Nothing in this Agreement expressed or implied and nothing that may be
inferred from any of the provisions hereof is intended, or shall be construed,
to confer upon, or give to, any person or corporation other than the Company,
the Warrant Agent, the Registered Holder of the Global Warrant Certificate and
the Warrantholders any right, remedy or claim under or by reason of this
Agreement or of any covenant, condition, stipulation, promise or agreement
hereof; and all covenants, conditions, stipulations, promises and agreements
contained in this Agreement shall be for the sole and exclusive benefit of the
Company, the Warrant Agent, and their respective successors, the Registered
Holder of the Global Warrant Certificate and of the Warrantholders.
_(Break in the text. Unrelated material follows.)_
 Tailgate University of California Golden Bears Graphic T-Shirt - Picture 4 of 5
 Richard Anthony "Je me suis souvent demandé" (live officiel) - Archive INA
	       SECTION 6.07.  Inspection of Agreement.  A copy of this
Agreement shall be available at all reasonable times at the Warrant Agent's
Office for inspection by the Warrantholders, Participants or any person
certified by any Participant to be an indirect participant of the Depository
or any person certified by any Participant to be a Warrantholder, in each
case, on behalf of whom such Participant holds Warrants.

	       SECTION 6.08.  Headings.  The descriptive headings of the
several Articles and Sections of this Agreement are inserted for convenience
only and shall not control or affect the meaning or construction of any of the
provisions hereof.

	       SECTION 6.09.     Counterparts.  This Agreement may be executed
in any number of counterparts, each of which so executed shall be deemed to be
an original; but such counterparts shall together constitute but one and the
same instrument.



	       SECTION 6.10.     Applicable Law.  This Agreement and each
Warrant shall be deemed to be a contract under the laws of the State of New
York, and for all purposes shall be construed in accordance with the laws of
said State, excluding choice of law provisions.

	       IN WITNESS WHEREOF, this Agreement has been duly executed by
the parties hereto as of the day and year first above written.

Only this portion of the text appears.